This project focuses on the Power Outages dataset, which contains information about major power outages in the U.S. spanning from January 2000 to July 2016. The dataset captures details about outage duration, causes, customer impact, and associated economic and demographic factors, making it a comprehensive resource for analysis.

Research Question: 

What are the characteristics of the most severe power outages, and which factors (e.g., location, climate, outage cause) are most commonly associated with higher severity? Furthermore, can we develop predictive models to better understand and forecast these severe events?



## Step 2: Data Cleaning and Exploratory Data Analysis

In [6]:
# Dictionary mapping month names to numerical values 
months = {
    "January": 1,
    "February": 2,
    "March": 3,
    "April": 4,
    "May": 5,
    "June": 6,
    "July": 7,
    "August": 8,
    "September": 9,
    "October": 10,
    "November": 11,
    "December": 12
}
# Converting date and time columns to appropriate formats
dates = outages["OUTAGE.START.DATE"].dropna().apply(lambda row: pd.to_datetime(row))
times = outages["OUTAGE.START.TIME"].dropna().apply(lambda row: pd.to_timedelta(row))
rdates = outages["OUTAGE.RESTORATION.DATE"].dropna().apply(lambda row: pd.to_datetime(row))
rtimes = outages["OUTAGE.RESTORATION.TIME"].dropna().apply(lambda row: pd.to_timedelta(row))
# Droping redundant time columns and combining date and time for unified datetime fields
cleaned = outages.copy().drop(["OUTAGE.START.TIME", "OUTAGE.RESTORATION.TIME"], axis=1)
cleaned["OUTAGE.START.DATE"] = dates + times
cleaned["OUTAGE.RESTORATION.DATE"] = rdates + rtimes

In [7]:
# head of the cleaned dataframe
cleaned["MEGAWATT.HOURS"] = (cleaned["OUTAGE.DURATION"]/60) * cleaned["DEMAND.LOSS.MW"]
cleaned


Unnamed: 0,OBS,YEAR,MONTH,U.S._STATE,...,PCT_LAND,PCT_WATER_TOT,PCT_WATER_INLAND,MEGAWATT.HOURS
1,1.0,2011.0,7.0,Minnesota,...,91.59,8.41,5.48,
2,2.0,2014.0,5.0,Minnesota,...,91.59,8.41,5.48,
3,3.0,2010.0,10.0,Minnesota,...,91.59,8.41,5.48,
...,...,...,...,...,...,...,...,...,...
1532,1532.0,2009.0,8.0,South Dakota,...,98.31,1.69,1.69,82.60
1533,1533.0,2009.0,8.0,South Dakota,...,98.31,1.69,1.69,1125.22
1534,1534.0,2000.0,,Alaska,...,85.76,14.24,2.90,


Univariate Analysis: Outages by NERC Region

In [65]:
fig = px.bar(cleaned["NERC.REGION"]
             .value_counts().reset_index()
             .sort_values("NERC.REGION"), x='NERC.REGION', y='count', 
             labels={"NERC.REGION": "NERC Region", "count": "Number of Outages"}, title="Outages by NERC Region")
fig.show()

Bivariate Analysis: Statewide Average Prices vs.
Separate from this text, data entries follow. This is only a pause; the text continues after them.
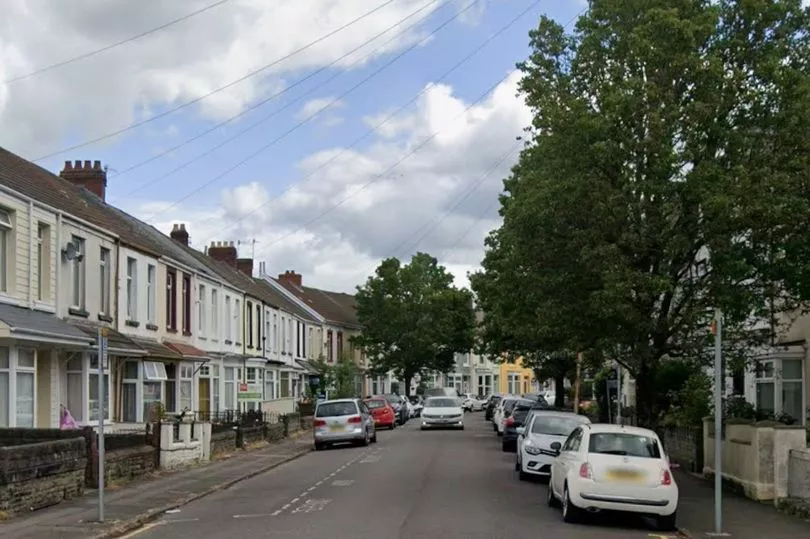 UK police arresting balaclava clad men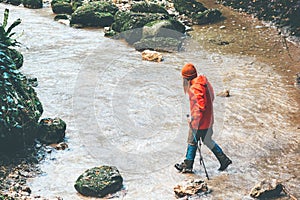 Woman Traveler hiking crossing stream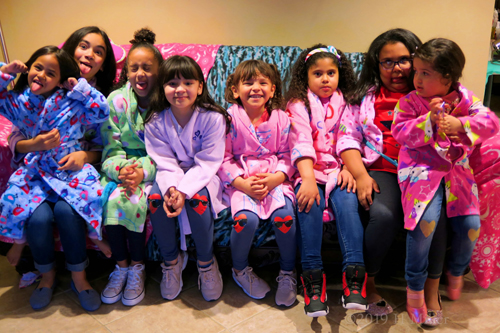 Party Guests Sitting On The Couch With Beautiful Smiles For The Group Photo! Party Guests Sitting On The Couch With Beautiful Smiles For The Group Photo!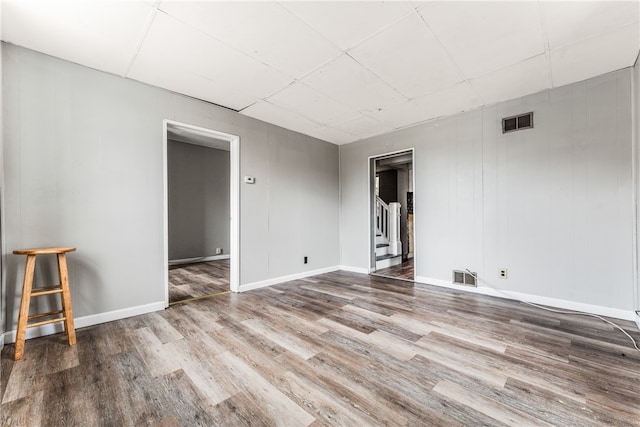 unfurnished room with wood-type flooring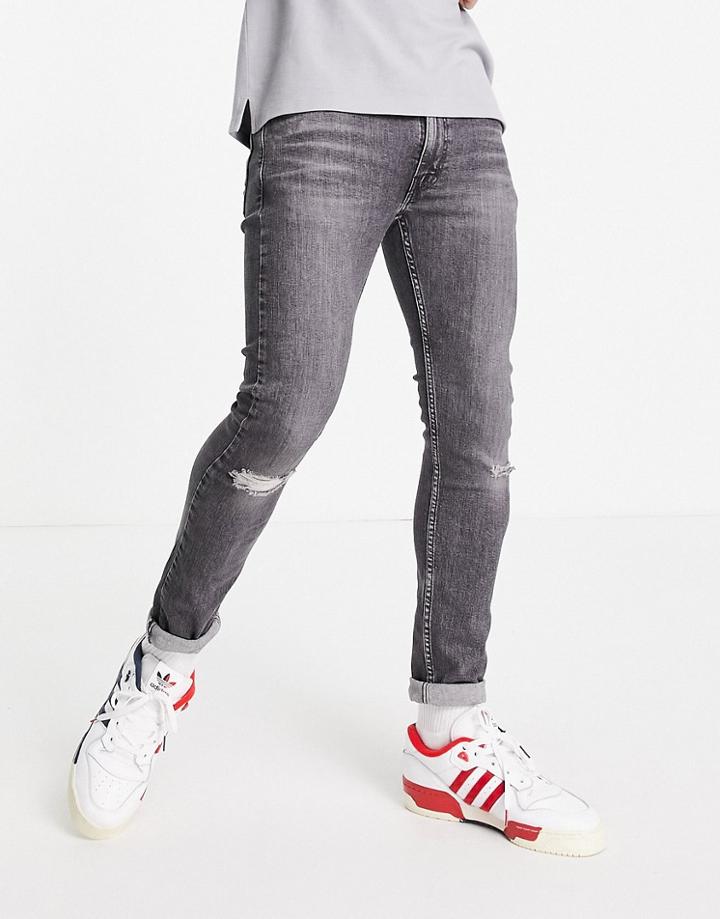 Levi's 519 Super Skinny Fit Distressed Hi-ball Jeans In Washed Black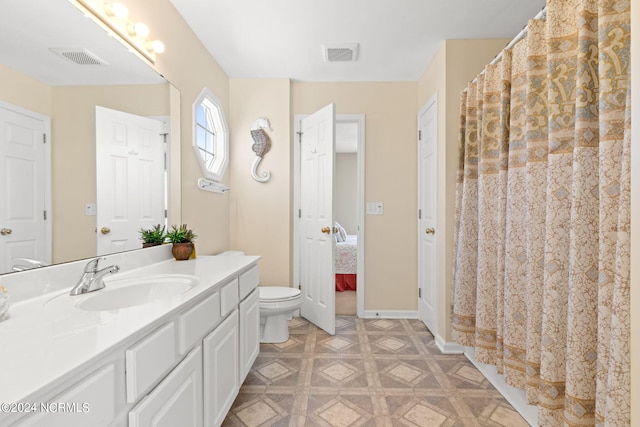 full bath featuring toilet, ensuite bath, vanity, and visible vents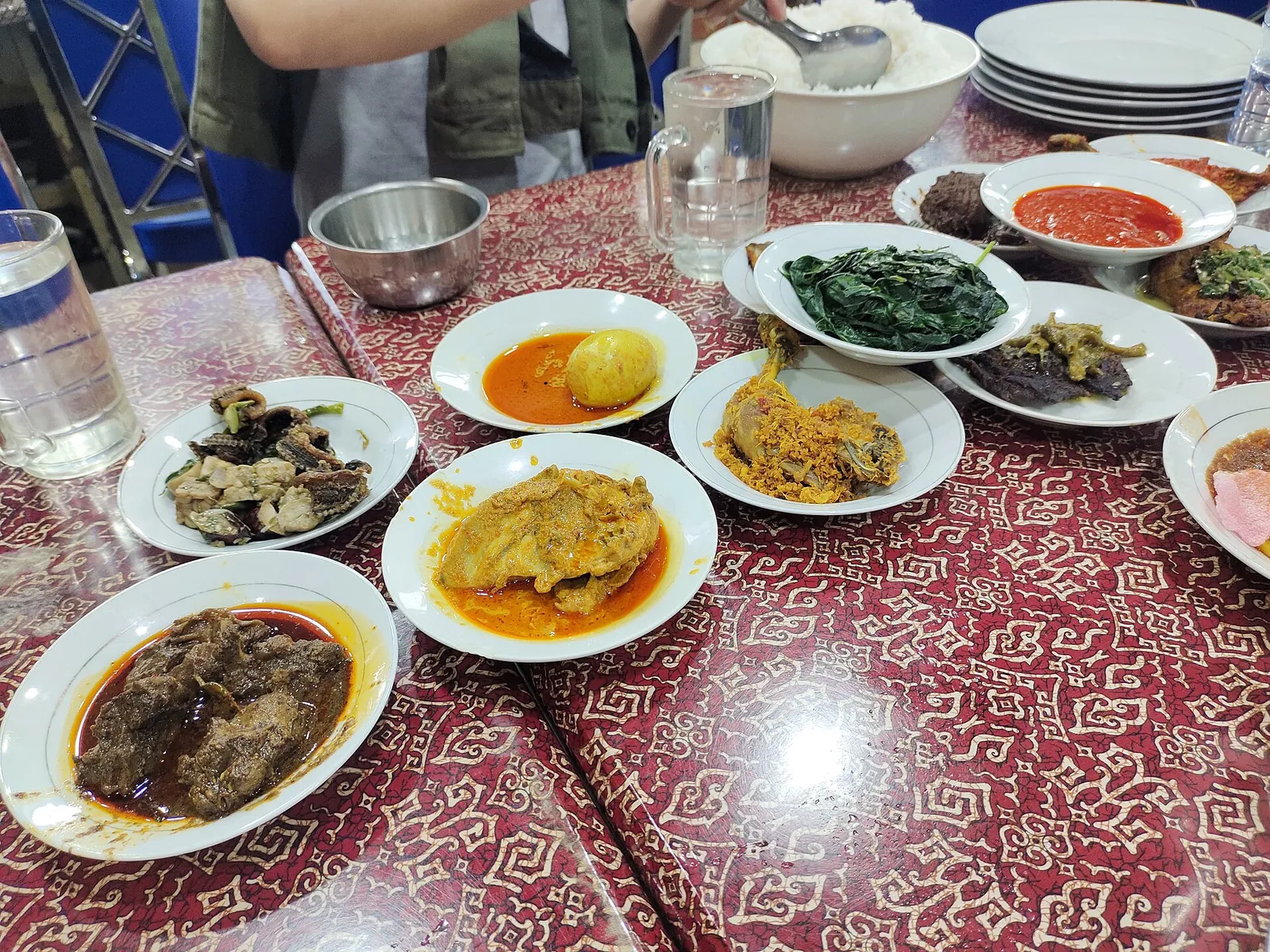 A table of small plates of nasi padang dishes, including rendang, curries, greens and sambal, around a bowl of rice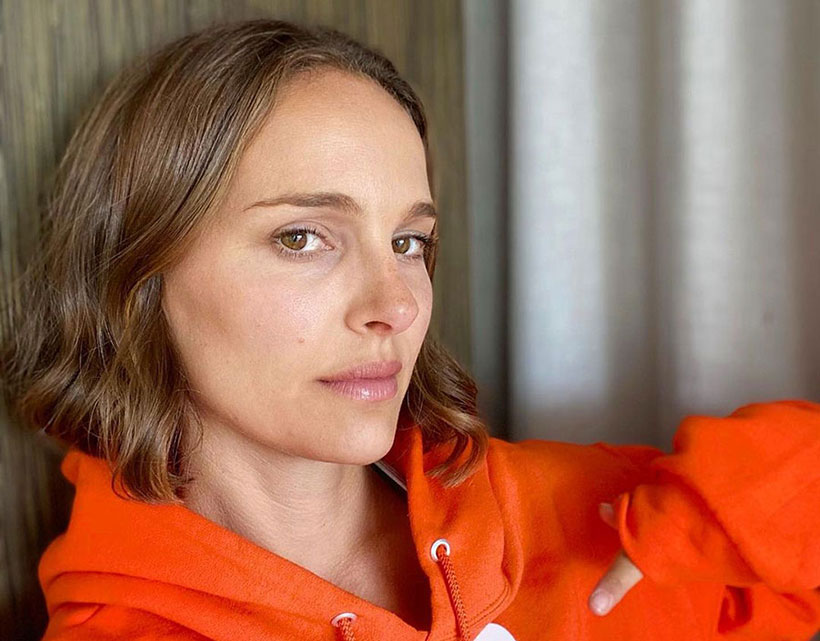 Natalie Portman wearing a bright orange jumper 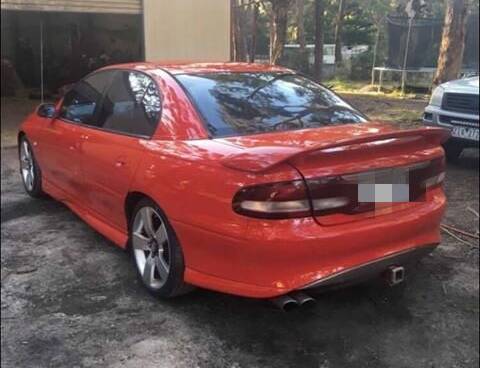 The red Holden Commodore in question before the crash.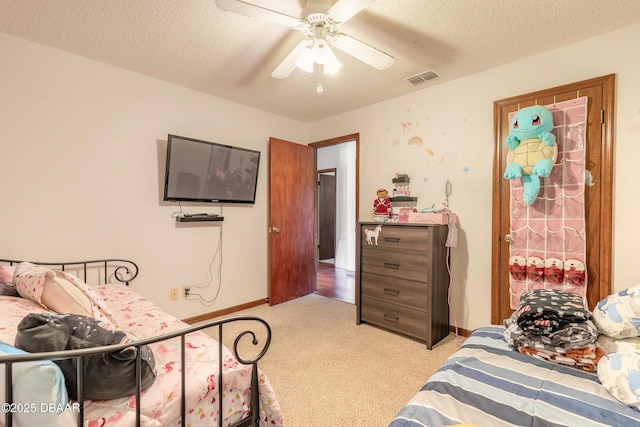 bedroom with a textured ceiling, visible vents, a ceiling fan, and light colored carpet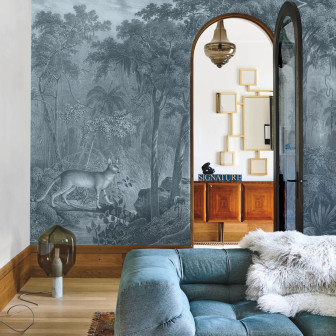Tapet cu design minimalist Jungle Cat Blue, cu imaginea unui leu ghemuit într-o junglă luxuriantă, într-o nuanță de albastru gri.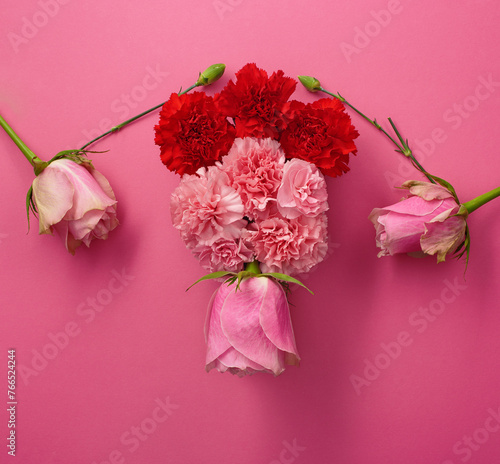 Carnations and roses shaped like woman's uterus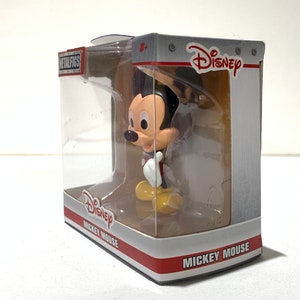 May include: A Mickey Mouse figurine in a clear plastic display case. The figure is in a classic pose, wearing red shorts, yellow shoes, and white gloves. The packaging features the Disney logo and the words "Mickey Mouse."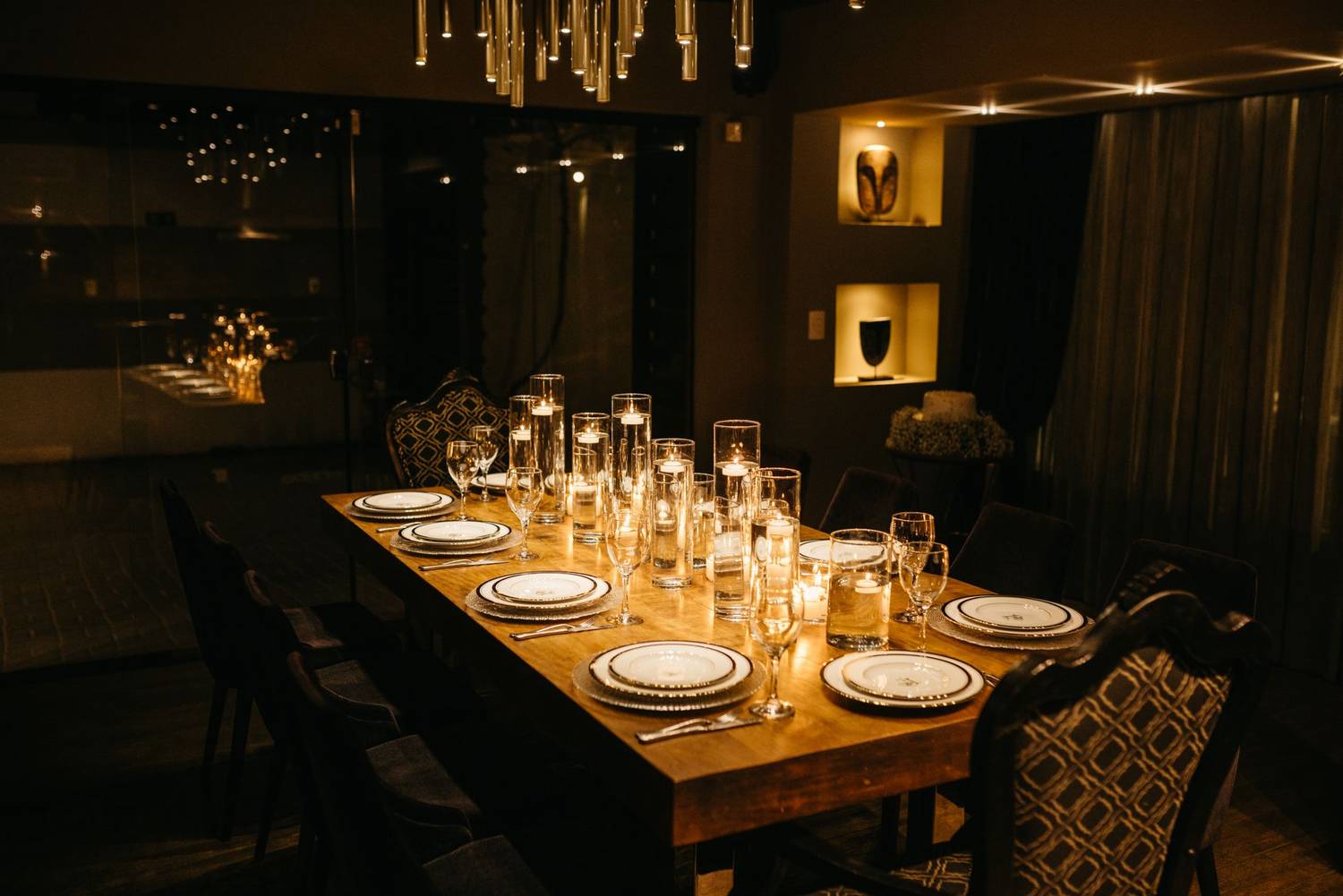 Luxurious dining room with an elegantly set candlelit table, perfect for special occasions.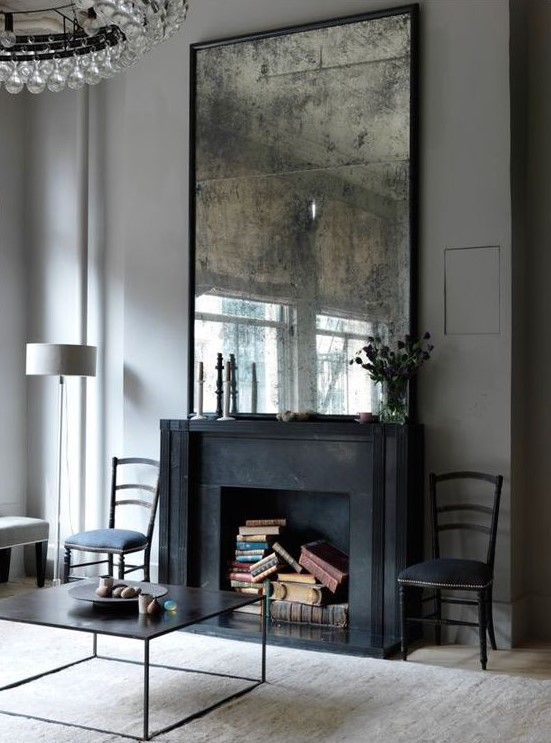 a refined living room with a black fireplace that is used for book storage and a vintage mirror for a more exquisite look in the space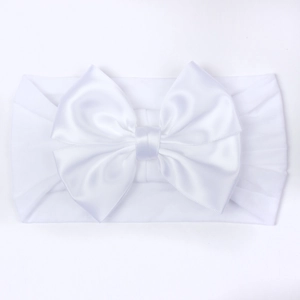 Zachte elastische nylon baby hoofdband met een grote witte satijnen strik voor baby's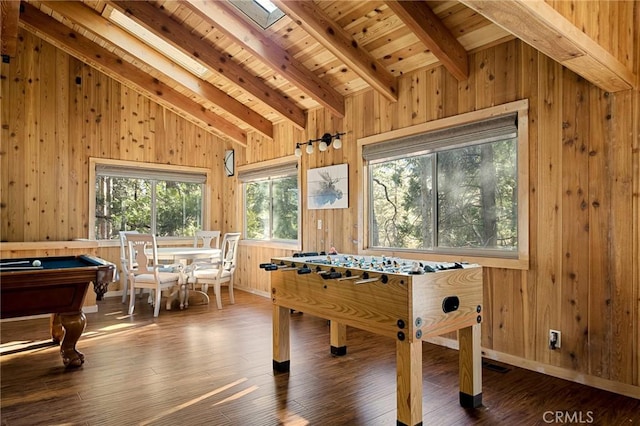 recreation room with wood-type flooring, lofted ceiling with skylight, wood walls, and wood ceiling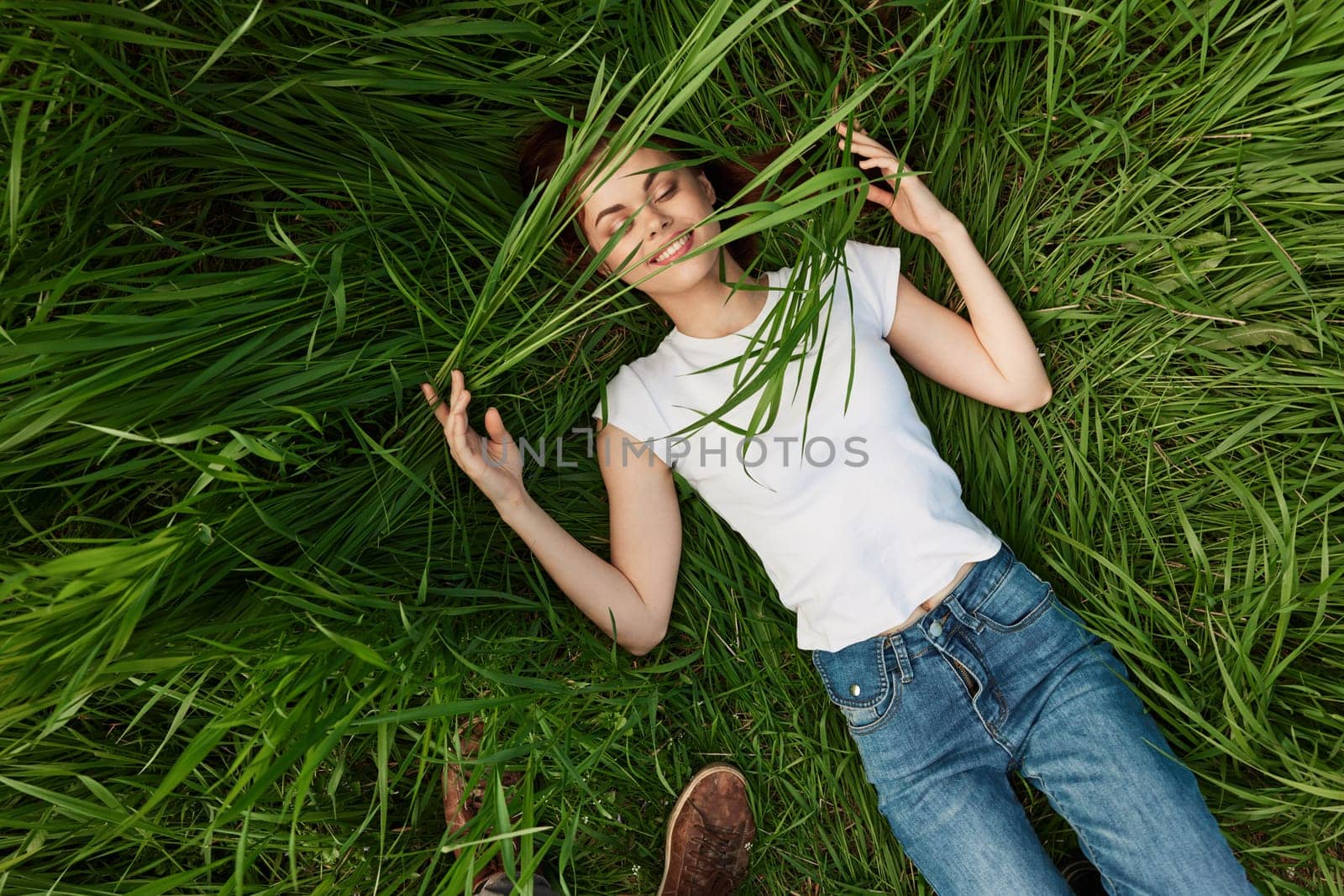 happy woman lying in tall grass biting leaves. High quality photo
Electricity Consumed

In [9]:
fig = px.scatter(x=cleaned["TOTAL.PRICE"], y=cleaned["TOTAL.SALES"], 
                 labels={"x": "Average Monthly Price (Cents per Kilowatt-Hour)"
                         , "y": "Consumption (Megawatt-Hours)"}, title="Statewide Average Prices vs. Electricity Consumed")
fig.show()

Grouped Analysis: Outage Duration by Climate Category and State

In [10]:
pd.pivot_table(cleaned, values="OUTAGE.DURATION", index="U.S._STATE", columns="CLIMATE.CATEGORY", aggfunc="mean").head(10)

CLIMATE.CATEGORY,cold,normal,warm
U.S._STATE,Unnamed: 1_level_1,Unnamed: 2_level_1,Unnamed: 3_level_1
Alabama,2247.00,233.50,803.00
Arizona,74.00,789.54,14741.29
Arkansas,2538.14,556.20,3916.33
...,...,...,...
District of Columbia,2076.80,5691.50,9886.00
Florida,494.30,6109.00,3952.88
Georgia,2256.00,1152.71,963.17


## Step 3: Assessment of Missingness

H0: The distribution of missing values in the CAUSE.CATEGORY.DETAIL column is not affected by the value of the CAUSE.CATEGORY column.

HA: The distribution of missing values in the CAUSE.CATEGORY.DETAIL column not affected by the value of the CAUSE.CATEGORY column.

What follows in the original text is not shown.